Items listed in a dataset
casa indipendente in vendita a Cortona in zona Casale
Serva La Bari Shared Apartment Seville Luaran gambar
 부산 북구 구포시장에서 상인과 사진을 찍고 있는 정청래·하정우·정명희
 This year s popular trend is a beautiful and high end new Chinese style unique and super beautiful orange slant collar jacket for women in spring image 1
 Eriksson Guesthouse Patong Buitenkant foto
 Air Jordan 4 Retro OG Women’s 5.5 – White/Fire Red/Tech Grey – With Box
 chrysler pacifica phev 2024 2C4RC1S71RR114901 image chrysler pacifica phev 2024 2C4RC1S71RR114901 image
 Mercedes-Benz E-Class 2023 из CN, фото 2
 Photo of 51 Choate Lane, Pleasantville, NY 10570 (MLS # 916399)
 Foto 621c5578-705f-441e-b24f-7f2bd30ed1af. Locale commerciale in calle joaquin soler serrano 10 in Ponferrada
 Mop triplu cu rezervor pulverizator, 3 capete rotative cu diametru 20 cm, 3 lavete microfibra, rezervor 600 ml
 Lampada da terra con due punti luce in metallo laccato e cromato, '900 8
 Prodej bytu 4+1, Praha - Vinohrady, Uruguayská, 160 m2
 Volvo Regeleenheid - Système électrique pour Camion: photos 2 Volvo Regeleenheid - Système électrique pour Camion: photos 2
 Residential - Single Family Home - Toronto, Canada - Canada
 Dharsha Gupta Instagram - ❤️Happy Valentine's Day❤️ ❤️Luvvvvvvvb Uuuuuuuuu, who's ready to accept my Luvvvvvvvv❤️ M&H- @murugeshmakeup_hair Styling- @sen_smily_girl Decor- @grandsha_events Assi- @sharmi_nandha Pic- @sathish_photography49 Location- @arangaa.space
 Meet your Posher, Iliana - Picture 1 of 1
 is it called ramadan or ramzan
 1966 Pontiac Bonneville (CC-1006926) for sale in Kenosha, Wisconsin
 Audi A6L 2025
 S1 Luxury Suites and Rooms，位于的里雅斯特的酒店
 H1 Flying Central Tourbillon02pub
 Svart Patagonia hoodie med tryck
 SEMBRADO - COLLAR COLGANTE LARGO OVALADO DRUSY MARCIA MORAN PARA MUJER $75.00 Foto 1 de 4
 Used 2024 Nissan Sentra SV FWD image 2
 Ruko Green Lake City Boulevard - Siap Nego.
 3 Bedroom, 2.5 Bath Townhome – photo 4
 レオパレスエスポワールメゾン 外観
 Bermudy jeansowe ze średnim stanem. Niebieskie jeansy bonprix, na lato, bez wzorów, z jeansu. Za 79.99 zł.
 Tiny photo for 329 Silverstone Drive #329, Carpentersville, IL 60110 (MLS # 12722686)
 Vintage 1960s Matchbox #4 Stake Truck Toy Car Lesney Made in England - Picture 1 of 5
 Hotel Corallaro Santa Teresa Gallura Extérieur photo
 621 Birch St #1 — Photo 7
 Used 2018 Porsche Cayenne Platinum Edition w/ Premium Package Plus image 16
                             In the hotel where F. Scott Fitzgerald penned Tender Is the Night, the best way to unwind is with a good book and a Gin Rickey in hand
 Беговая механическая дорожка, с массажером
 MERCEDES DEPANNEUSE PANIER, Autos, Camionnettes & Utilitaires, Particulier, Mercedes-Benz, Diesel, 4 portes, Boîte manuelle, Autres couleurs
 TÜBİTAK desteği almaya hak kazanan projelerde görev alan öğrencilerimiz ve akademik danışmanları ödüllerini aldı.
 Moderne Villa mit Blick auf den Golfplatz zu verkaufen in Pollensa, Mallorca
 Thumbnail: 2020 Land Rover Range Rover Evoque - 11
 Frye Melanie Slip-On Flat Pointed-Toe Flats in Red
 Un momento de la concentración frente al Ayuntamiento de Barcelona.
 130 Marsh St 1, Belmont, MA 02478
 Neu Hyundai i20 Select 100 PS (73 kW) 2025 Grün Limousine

§ **Exercise details**: Could you restate, word for word, the lines above from the one with "chrysler pacifica phev 2024 2C4RC1S71RR114901 image chrysler" to the one with "SEMBRADO - COLLAR", both included?

§ **Task result**:
 chrysler pacifica phev 2024 2C4RC1S71RR114901 image chrysler pacifica phev 2024 2C4RC1S71RR114901 image
 Mercedes-Benz E-Class 2023 из CN, фото 2
 Photo of 51 Choate Lane, Pleasantville, NY 10570 (MLS # 916399)
 Foto 621c5578-705f-441e-b24f-7f2bd30ed1af. Locale commerciale in calle joaquin soler serrano 10 in Ponferrada
 Mop triplu cu rezervor pulverizator, 3 capete rotative cu diametru 20 cm, 3 lavete microfibra, rezervor 600 ml
 Lampada da terra con due punti luce in metallo laccato e cromato, '900 8
 Prodej bytu 4+1, Praha - Vinohrady, Uruguayská, 160 m2
 Volvo Regeleenheid - Système électrique pour Camion: photos 2 Volvo Regeleenheid - Système électrique pour Camion: photos 2
 Residential - Single Family Home - Toronto, Canada - Canada
 Dharsha Gupta Instagram - ❤️Happy Valentine's Day❤️ ❤️Luvvvvvvvb Uuuuuuuuu, who's ready to accept my Luvvvvvvvv❤️ M&H- @murugeshmakeup_hair Styling- @sen_smily_girl Decor- @grandsha_events Assi- @sharmi_nandha Pic- @sathish_photography49 Location- @arangaa.space
 Meet your Posher, Iliana - Picture 1 of 1
 is it called ramadan or ramzan
 1966 Pontiac Bonneville (CC-1006926) for sale in Kenosha, Wisconsin
 Audi A6L 2025
 S1 Luxury Suites and Rooms，位于的里雅斯特的酒店
 H1 Flying Central Tourbillon02pub
 Svart Patagonia hoodie med tryck
 SEMBRADO - COLLAR COLGANTE LARGO OVALADO DRUSY MARCIA MORAN PARA MUJER $75.00 Foto 1 de 4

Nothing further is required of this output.